However, with most existing control systems, the controller is only
able to control the steering of the vehicle as it proceeds along
each of the swaths. It is much harder to control the steering of
the vehicle as it turns around between one swath and the next.
Therefore, whilst the spatial geometry of the respective swaths may
have been calculated, from the control system's point of view at
any given time it only "knows" that it is on the nth swath
(numbered from the wayline) and that it has been moving along that
swath for a known amount of time with known speed (i.e. it knows
that the vehicle is a certain distance along the nth swath).

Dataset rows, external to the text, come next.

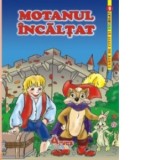 Motanul incaltat - carte de citit si colorat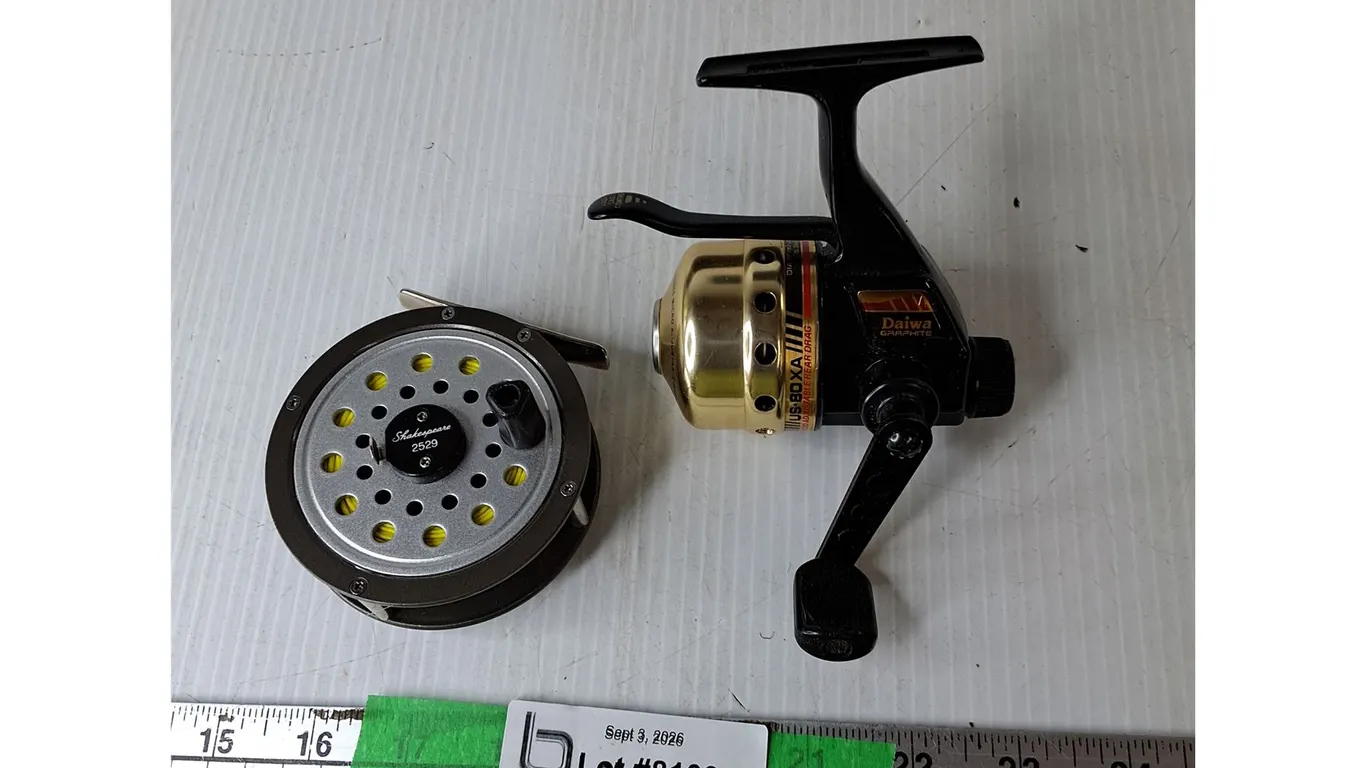 Daiwa & Shakespeare Fishing Reels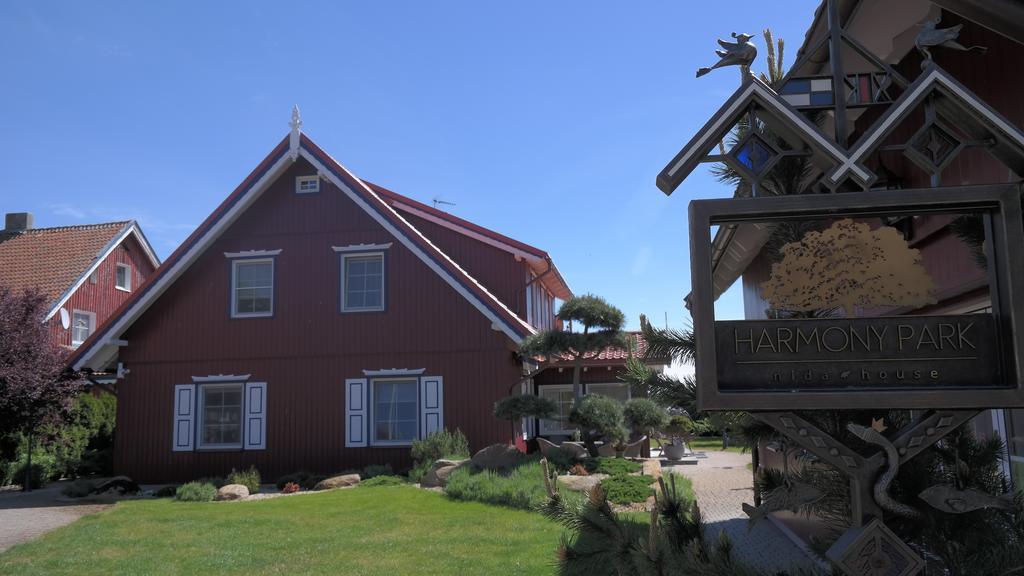 Harmony Park Nida House Hotel Exterior photo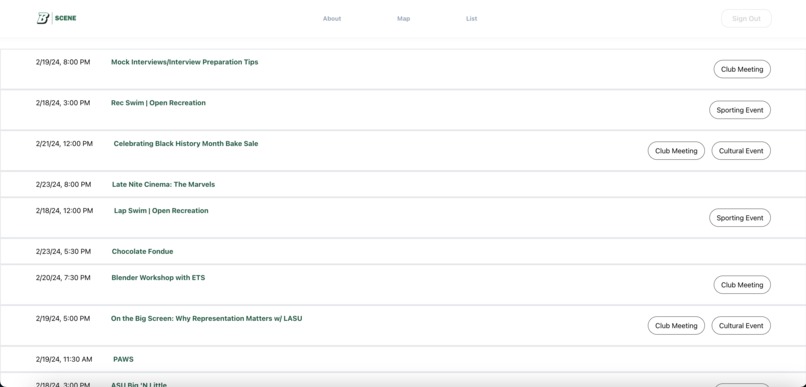 B-Scene – screenshot 3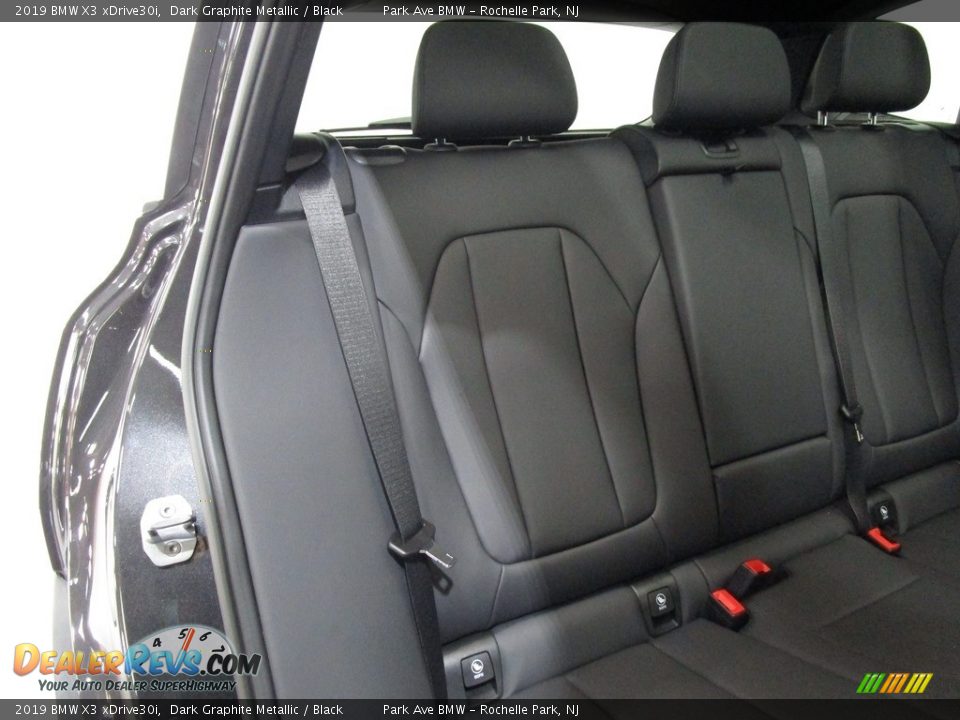 2019 BMW X3 xDrive30i Dark Graphite Metallic / Black Photo #18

However, at a fundamental level, the control system does not
inherently know where the vehicle is consequently located in space
or the spatial relationship between each swath. A graphical
representation of the difference between the vehicle's actual
spatial location and what the control system "sees" is given in
FIG. 1.
[0010] The "one-dimensional" or "linear" nature of existing control
systems also causes other difficulties. One example is in relation
to obstacle avoidance. In most agricultural applications, the
positions of obstacles (e.g. fences, trees, immovable rocks, creeks
etc) are known according to their "real-world" spatial location.
The spatial location may be known according to global latitude and
longitude coordinates (e.g. as provided by GPS), or alternatively
the location may be known relative to a fixed point of known
location (this is generally a point in or near the field used to
define the origin of a coordinate system for the field). However,
as current control systems only recognise where the vehicle is
located along the path, not where the vehicle is actually located
in space, the control system itself is therefore unable to
recognise whether the location of the obstacle coincides with the
trajectory of the path, and hence whether there may be a
collision.
[0011] Consequently, with current control systems, it may be
necessary for a number of separate modules to be provided, in
addition to the primary control module, if automatic obstacle
avoidance (i.e. obstacle avoidance without the need for
intervention by the driver of the vehicle) is to be achieved. In
these cases, one of the modules would be a collision detection
module for calculating the geometry and trajectory of a section of
the path a short distance ahead of the vehicle in terms of "real
world" spatial coordinates and for determining whether any of the
points along that section of path will coincide with the location
of an obstacle. If the collision detection module identifies that
the section of path is likely to pass through an obstacle (meaning
that there would be a collision if the vehicle continued along that
path), then a further module may be required to determine an
alternative trajectory for (at least) the section of the path
proximate the obstacle. Yet a further module may then be required
to determine how best to steer the vehicle from the alternative
trajectory back onto the original path after the vehicle has moved
past the obstacle. This multi-modular control system structure is
complicated and can lead to computational inefficiencies because
the different modules may each perform many of the same geometric
calculations for their own respective purposes, separately from one
another, leading to "doubling up" and unnecessary computation.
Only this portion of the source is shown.